» INPUT RECORDS:
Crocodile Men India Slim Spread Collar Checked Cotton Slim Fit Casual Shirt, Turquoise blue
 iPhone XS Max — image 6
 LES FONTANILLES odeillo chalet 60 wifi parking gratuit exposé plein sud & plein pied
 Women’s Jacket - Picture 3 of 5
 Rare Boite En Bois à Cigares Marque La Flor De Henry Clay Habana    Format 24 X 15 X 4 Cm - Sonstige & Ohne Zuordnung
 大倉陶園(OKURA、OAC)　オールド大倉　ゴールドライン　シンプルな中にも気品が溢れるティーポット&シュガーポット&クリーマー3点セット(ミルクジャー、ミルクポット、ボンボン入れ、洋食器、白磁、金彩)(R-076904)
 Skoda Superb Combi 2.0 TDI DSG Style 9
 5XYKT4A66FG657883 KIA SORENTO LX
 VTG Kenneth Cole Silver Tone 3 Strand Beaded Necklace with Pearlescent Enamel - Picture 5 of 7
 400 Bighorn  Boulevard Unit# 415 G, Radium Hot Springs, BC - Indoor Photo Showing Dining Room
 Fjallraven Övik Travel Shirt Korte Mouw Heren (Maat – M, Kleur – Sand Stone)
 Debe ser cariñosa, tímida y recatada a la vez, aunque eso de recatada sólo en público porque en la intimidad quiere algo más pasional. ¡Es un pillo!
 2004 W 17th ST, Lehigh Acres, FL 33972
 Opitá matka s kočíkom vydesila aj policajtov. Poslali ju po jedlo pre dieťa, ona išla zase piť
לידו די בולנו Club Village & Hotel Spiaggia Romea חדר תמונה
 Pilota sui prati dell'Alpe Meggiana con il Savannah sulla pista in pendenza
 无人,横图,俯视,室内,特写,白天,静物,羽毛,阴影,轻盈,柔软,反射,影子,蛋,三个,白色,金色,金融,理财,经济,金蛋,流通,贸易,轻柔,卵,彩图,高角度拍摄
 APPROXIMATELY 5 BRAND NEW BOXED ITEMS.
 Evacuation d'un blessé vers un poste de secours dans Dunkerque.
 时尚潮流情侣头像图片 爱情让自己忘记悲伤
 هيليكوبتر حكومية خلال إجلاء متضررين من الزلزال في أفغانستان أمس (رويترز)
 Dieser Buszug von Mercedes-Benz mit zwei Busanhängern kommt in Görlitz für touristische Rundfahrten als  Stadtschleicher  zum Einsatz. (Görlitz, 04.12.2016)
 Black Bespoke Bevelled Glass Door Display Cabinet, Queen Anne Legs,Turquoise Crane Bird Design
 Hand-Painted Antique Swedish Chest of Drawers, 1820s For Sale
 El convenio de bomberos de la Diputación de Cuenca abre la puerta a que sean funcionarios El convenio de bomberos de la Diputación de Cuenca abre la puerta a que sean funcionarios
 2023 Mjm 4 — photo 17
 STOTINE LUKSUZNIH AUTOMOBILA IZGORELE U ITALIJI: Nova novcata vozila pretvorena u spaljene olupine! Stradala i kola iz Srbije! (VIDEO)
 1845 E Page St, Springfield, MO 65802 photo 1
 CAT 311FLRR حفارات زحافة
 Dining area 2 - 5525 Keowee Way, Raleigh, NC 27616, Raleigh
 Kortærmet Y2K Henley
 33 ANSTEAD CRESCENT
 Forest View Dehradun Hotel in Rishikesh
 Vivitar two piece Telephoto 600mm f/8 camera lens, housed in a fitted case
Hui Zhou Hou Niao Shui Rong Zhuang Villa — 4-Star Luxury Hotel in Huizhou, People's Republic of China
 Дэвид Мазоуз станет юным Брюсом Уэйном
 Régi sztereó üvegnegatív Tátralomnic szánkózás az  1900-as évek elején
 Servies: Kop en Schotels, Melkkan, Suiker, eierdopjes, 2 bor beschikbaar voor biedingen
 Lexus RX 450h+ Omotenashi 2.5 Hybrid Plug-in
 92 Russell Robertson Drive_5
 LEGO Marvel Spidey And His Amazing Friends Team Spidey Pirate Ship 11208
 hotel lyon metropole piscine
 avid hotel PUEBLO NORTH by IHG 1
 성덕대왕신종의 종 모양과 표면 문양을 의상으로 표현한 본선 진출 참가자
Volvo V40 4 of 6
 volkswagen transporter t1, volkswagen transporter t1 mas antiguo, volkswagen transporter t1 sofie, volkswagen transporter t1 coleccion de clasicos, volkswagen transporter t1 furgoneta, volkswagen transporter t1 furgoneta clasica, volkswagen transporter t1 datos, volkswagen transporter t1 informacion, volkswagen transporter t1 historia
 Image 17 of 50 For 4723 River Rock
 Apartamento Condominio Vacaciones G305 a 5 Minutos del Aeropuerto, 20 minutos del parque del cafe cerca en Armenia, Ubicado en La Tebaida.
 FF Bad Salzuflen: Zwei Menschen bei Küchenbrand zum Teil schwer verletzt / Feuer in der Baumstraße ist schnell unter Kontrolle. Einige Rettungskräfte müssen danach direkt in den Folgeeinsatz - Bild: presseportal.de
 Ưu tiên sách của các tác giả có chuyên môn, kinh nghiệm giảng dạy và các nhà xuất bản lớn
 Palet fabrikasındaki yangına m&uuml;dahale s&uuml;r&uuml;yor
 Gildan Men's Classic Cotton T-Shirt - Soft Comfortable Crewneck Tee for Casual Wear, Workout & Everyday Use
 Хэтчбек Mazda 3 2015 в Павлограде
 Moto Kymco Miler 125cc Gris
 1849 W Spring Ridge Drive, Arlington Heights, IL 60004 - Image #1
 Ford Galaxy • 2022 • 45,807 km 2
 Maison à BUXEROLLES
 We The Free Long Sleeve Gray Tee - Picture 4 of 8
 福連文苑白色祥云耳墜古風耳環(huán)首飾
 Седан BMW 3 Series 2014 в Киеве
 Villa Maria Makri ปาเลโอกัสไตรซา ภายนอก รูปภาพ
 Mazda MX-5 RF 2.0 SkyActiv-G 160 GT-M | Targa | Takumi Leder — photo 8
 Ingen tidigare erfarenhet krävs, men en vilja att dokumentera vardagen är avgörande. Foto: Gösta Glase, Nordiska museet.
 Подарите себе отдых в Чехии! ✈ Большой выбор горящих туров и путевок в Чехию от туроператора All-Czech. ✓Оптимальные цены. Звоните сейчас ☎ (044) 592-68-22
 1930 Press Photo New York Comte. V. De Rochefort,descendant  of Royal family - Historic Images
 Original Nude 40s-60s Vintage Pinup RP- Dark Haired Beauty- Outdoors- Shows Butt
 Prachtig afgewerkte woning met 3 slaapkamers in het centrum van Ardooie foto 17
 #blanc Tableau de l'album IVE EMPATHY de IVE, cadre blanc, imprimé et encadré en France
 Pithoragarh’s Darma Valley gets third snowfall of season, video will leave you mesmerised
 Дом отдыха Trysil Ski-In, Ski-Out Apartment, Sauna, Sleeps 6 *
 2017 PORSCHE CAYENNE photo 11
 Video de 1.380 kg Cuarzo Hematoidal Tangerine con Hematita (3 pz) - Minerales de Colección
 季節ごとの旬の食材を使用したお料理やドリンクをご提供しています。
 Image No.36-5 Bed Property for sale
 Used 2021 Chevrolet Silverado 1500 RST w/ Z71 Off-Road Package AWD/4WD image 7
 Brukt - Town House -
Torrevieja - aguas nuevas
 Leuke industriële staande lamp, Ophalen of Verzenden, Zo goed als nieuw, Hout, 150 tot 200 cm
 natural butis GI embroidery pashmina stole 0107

» EXERCISE BRIEF: Where the listing above has a line with "STOTINE LUKSUZNIH AUTOMOBILA", start there, and output every line exactly through the line with "CAT 311FLRR حفارات زحافة", which is also included.

» RESPONSE TO THIS TASK:
 STOTINE LUKSUZNIH AUTOMOBILA IZGORELE U ITALIJI: Nova novcata vozila pretvorena u spaljene olupine! Stradala i kola iz Srbije! (VIDEO)
 1845 E Page St, Springfield, MO 65802 photo 1
 CAT 311FLRR حفارات زحافة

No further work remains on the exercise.